There are different possible setups for using CLOCQ within your project.
- Static usage of CLOCQ:
You can add a new benchmark tuple to the config, and run the Inference.py script. The benchmark should be stored in this format. The results (search space and disambiguations) for each question are stored in a .json file.

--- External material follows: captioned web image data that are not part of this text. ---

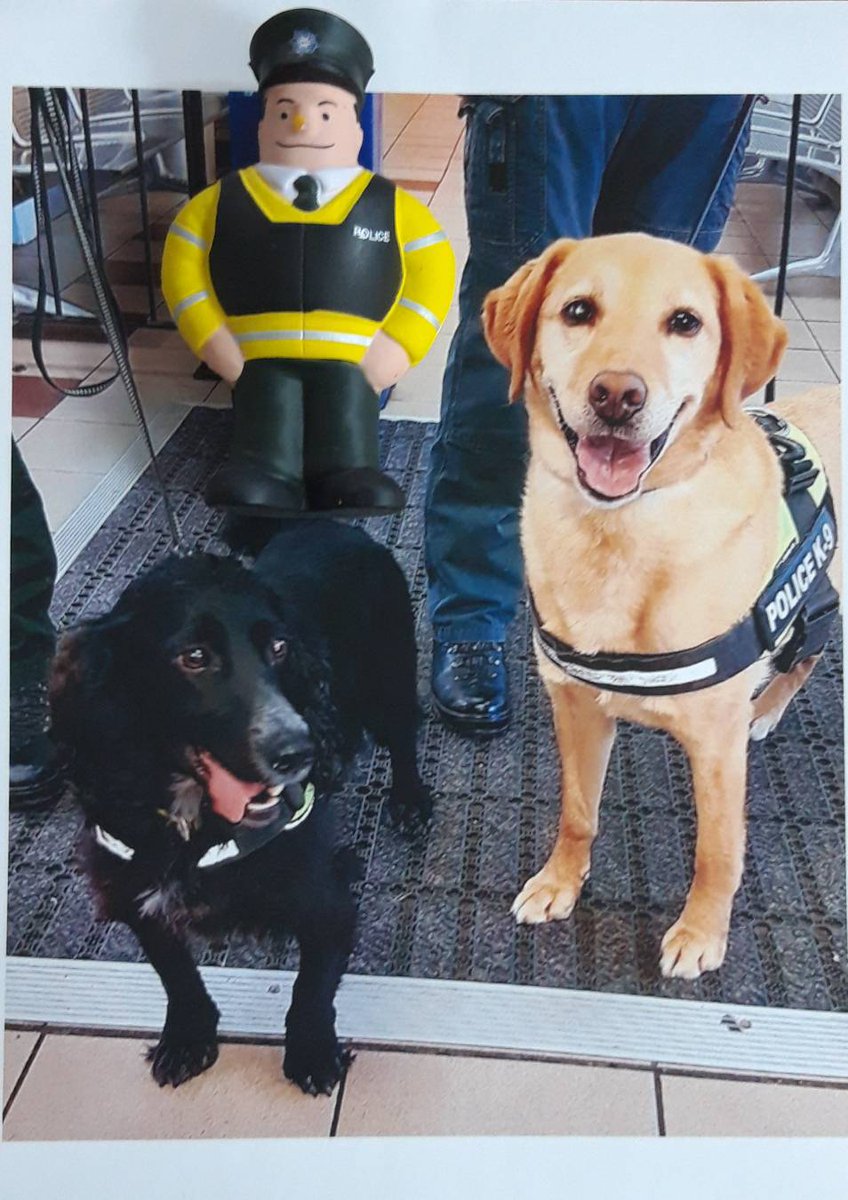 PSNINMDown's tweet photo. With lots of events going on tomorrow in #Newry we will be using #PSNIDogSection to sniff out drugs.
If you plan to attend any of the events in Newry tomorrow leave your drugs at home or these guys (or their buddies) will sniff them out!
Sgt KG https://t.co/STBuwDxZ5k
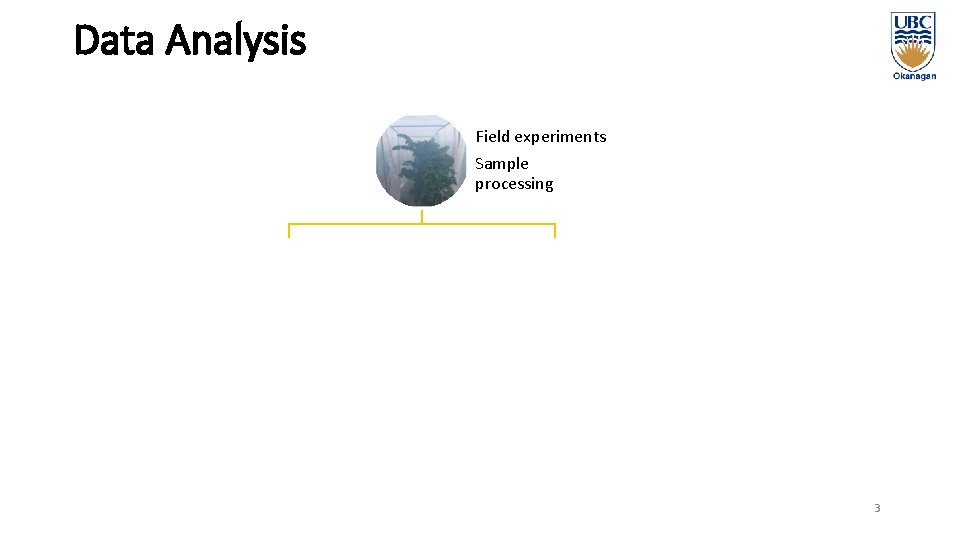 Data Analysis Non-Targeted Analysis Field experiments Sample processing a a Compound identification Quantitative analysis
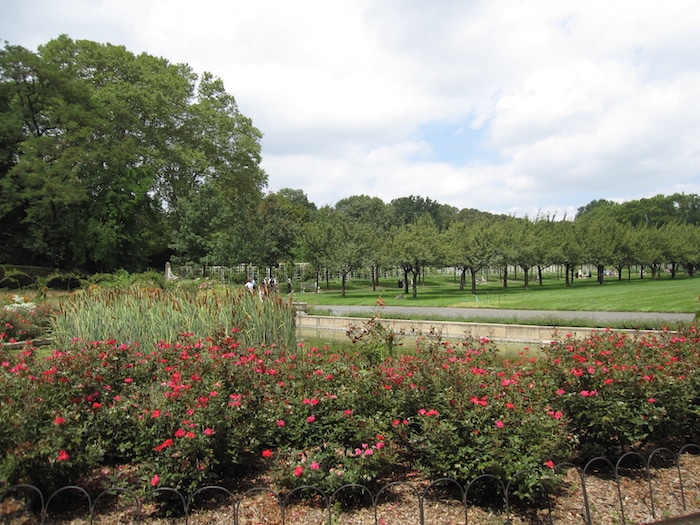 Visit Roam the Gnome Family Travel Directory for MORE SUPER DOOPER FUN ideas for family travel. Search by City. Photo- Brooklyn Botanic Garden NYC pretty flowers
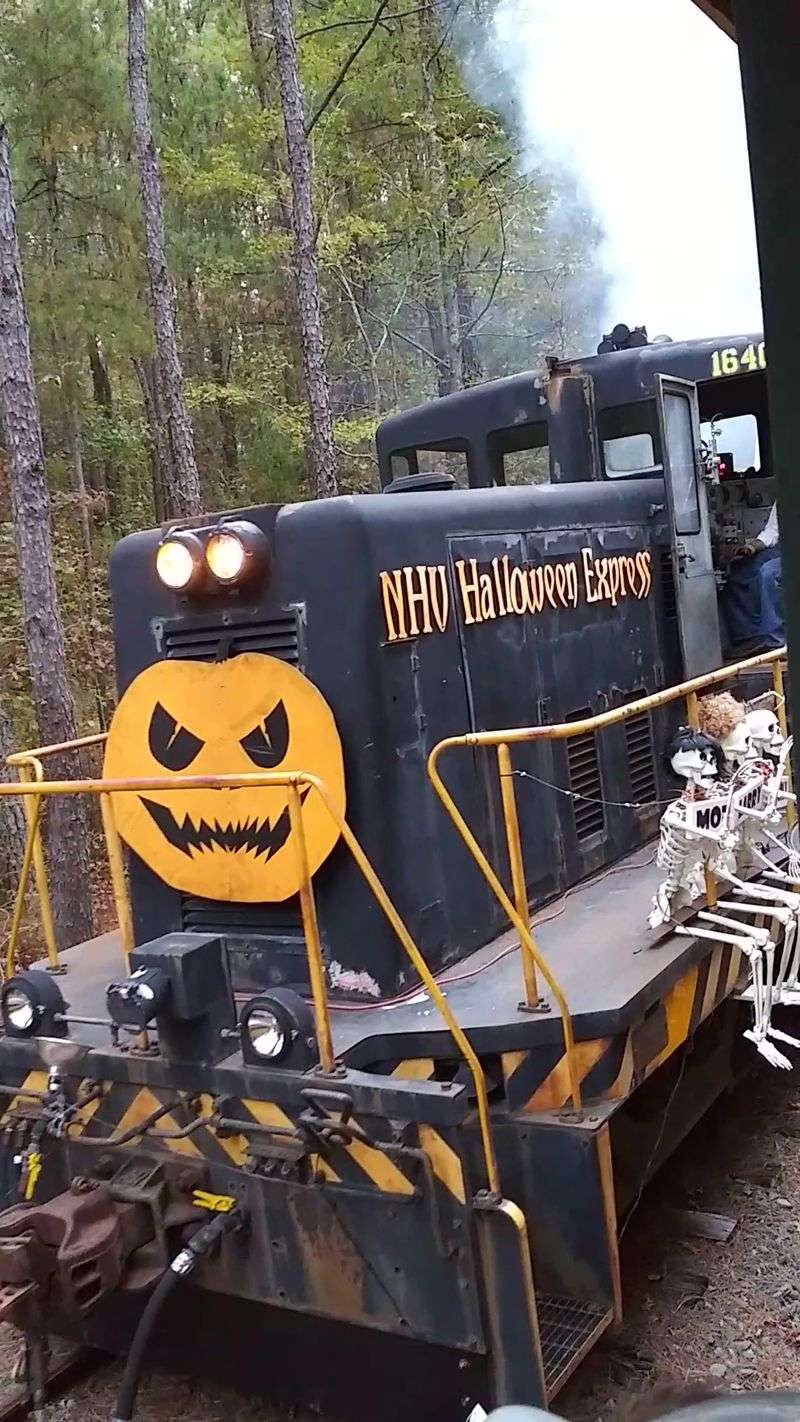 Seasonal Events That Steal the Spotlight Seasonal Events That Steal the Spotlight
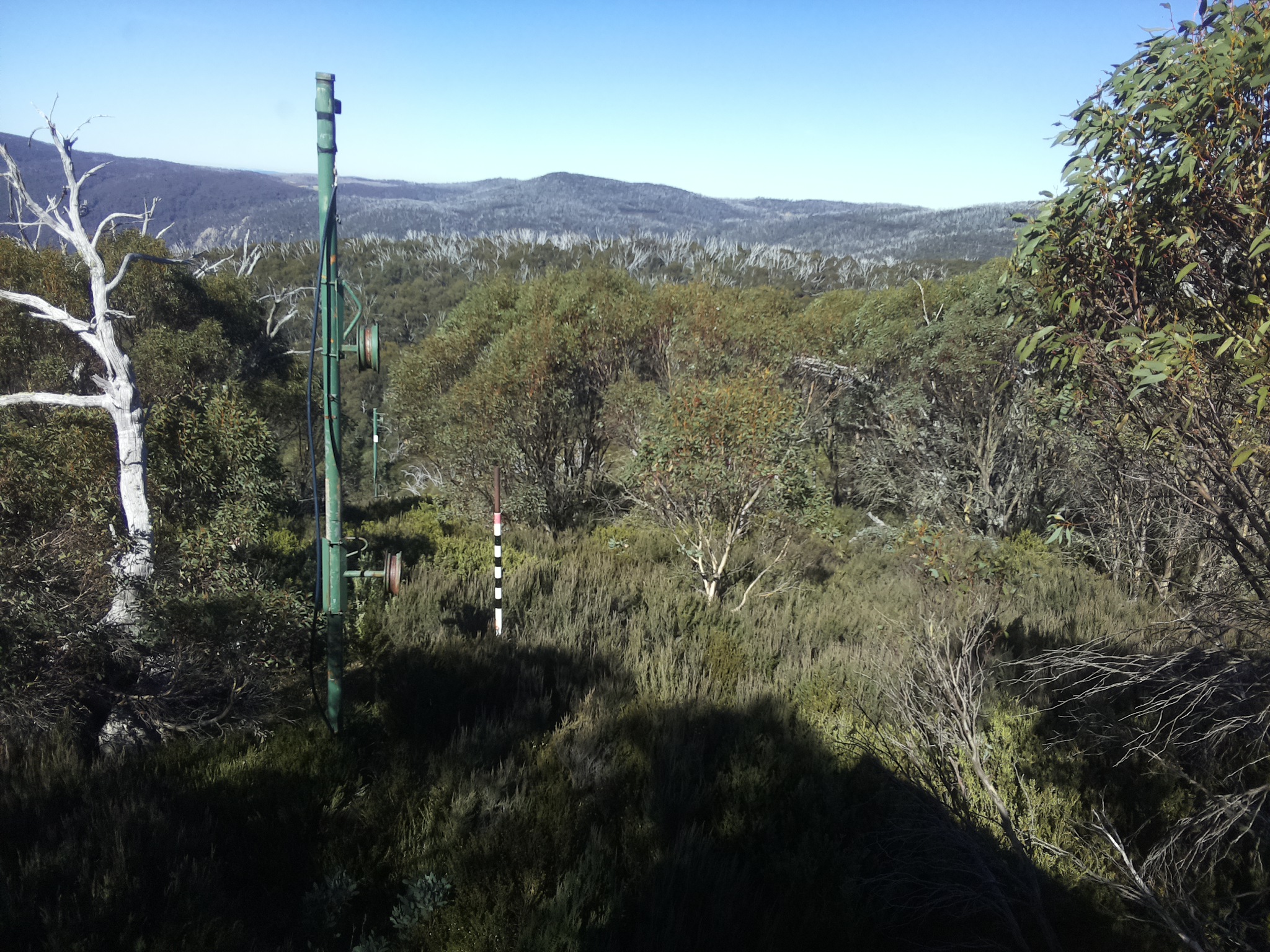 Bogong Web Cam 12:10pm Saturday 10th of May 2025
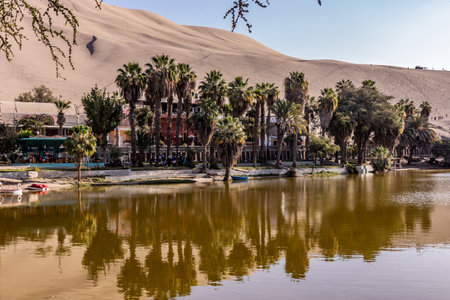 Pond in Huacachina oasis near Ica town, Peruの写真素材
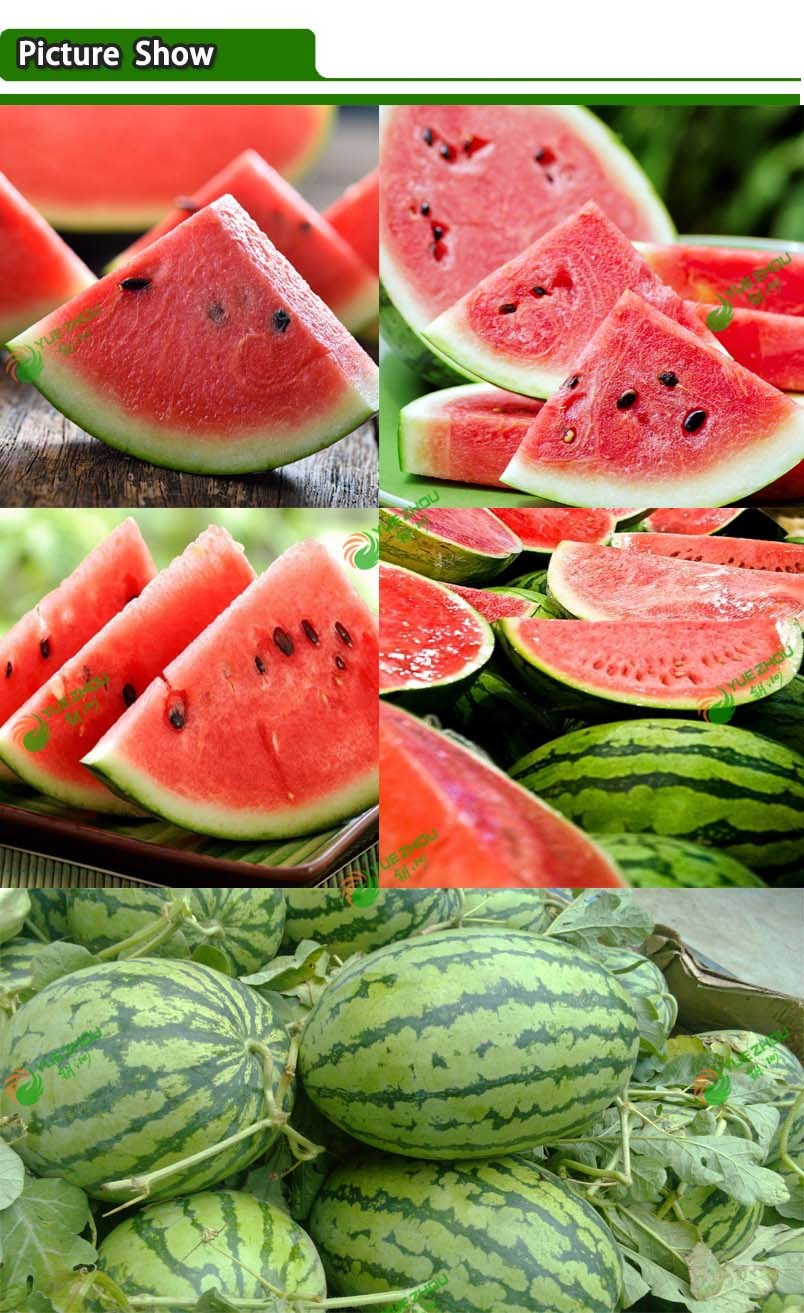 Competitive Wholesale Fresh Organic Watermelon with Cheap Price,China ...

# Add benchmark to clocq/config.py
# ...
BENCHMARKS = [
("benchmarks/benchmark_format.json", "benchmark_name")
]
# ...
# Evaluate + store results (on test set)
nohup python clocq/Inference.py --test --store &
# Evaluate + store results (on dev set)
nohup python clocq/Inference.py --dev --store &
- Dynamic usage of CLOCQ - within a single script:
If your data is dynamic (e.g. in a realistic setup in which users can pose arbitrary questions at run-time), there is another possibility of using CLOCQ: you can simply include the CLOCQ class in your python scripts and make use of the provided functions. Note: each instance of the CLOCQInterface will load the whole KB. So make sure to create new instances only if really needed, and pass the reference otherwise. See the CLOCQ class for an overview of all available functions. Example:
from clocq import CLOCQ
TAGME_TOKEN = "<INSERT YOUR TOKEN HERE>"
cl = CLOCQ(tagme_token=TAGME_TOKEN)
res = cl.get_label("Q5")
print(res)
res = cl.get_search_space("who was the screenwriter for Crazy Rich Asians?")
print(res.keys())
-
Dynamic usage of CLOCQ - within a machine:
If multiple scripts require to access the CLOCQ code, a Server-Client setup is recommended. You can start an instance of the CLOCQInterfaceServer at an appropriate port on your localhost (or any other host). Once the server is started, multiple scripts can access CLOCQ in parallel using an instance of the CLOCQInterfaceClient class. More details -
TaskHandler (NOT RECOMMENDED):
This is used for handling external requests on the CLOCQ-website. More details
Simply run:
nohup python clocq/Inference.py --test &
The results for both benchmarks will be stored in 'results/clocq_test_clocq.res'. The file 'results/clocq_test_clocq.json' holds per-question results for fine-grained analysis. Additional logs can be found in 'results/clocq_test_clocq.txt'.
The CLOCQ KB makes use of the wikidata-core-for-QA repo, which was a joint effort with Magdalena Kaiser to prune irrelevant facts from Wikidata. So given the latest .nt dump from Wikidata, the dump first needs to be pre-processed as indicated in the repo.
After that, the CLOCQ KB-index can be applied. This is done using the csv_to_clocq script.
If you want to use CLOCQ for entity linking, you may find our pruning module helpful. The original CLOCQ code is mainly designed for search space reduction, for which linking all mentions was found to be beneficial. However, on entity linking tasks, this may easily reduce the precision. Therefore, we proposed a module to prune disambiguated KB items, that are not required for entity linking, to adapt CLOCQ to the entity linking challenge of the SMART 2022 Task.
The CLOCQ project by Philipp Christmann, Rishiraj Saha Roy and Gerhard Weikum is licensed under MIT license.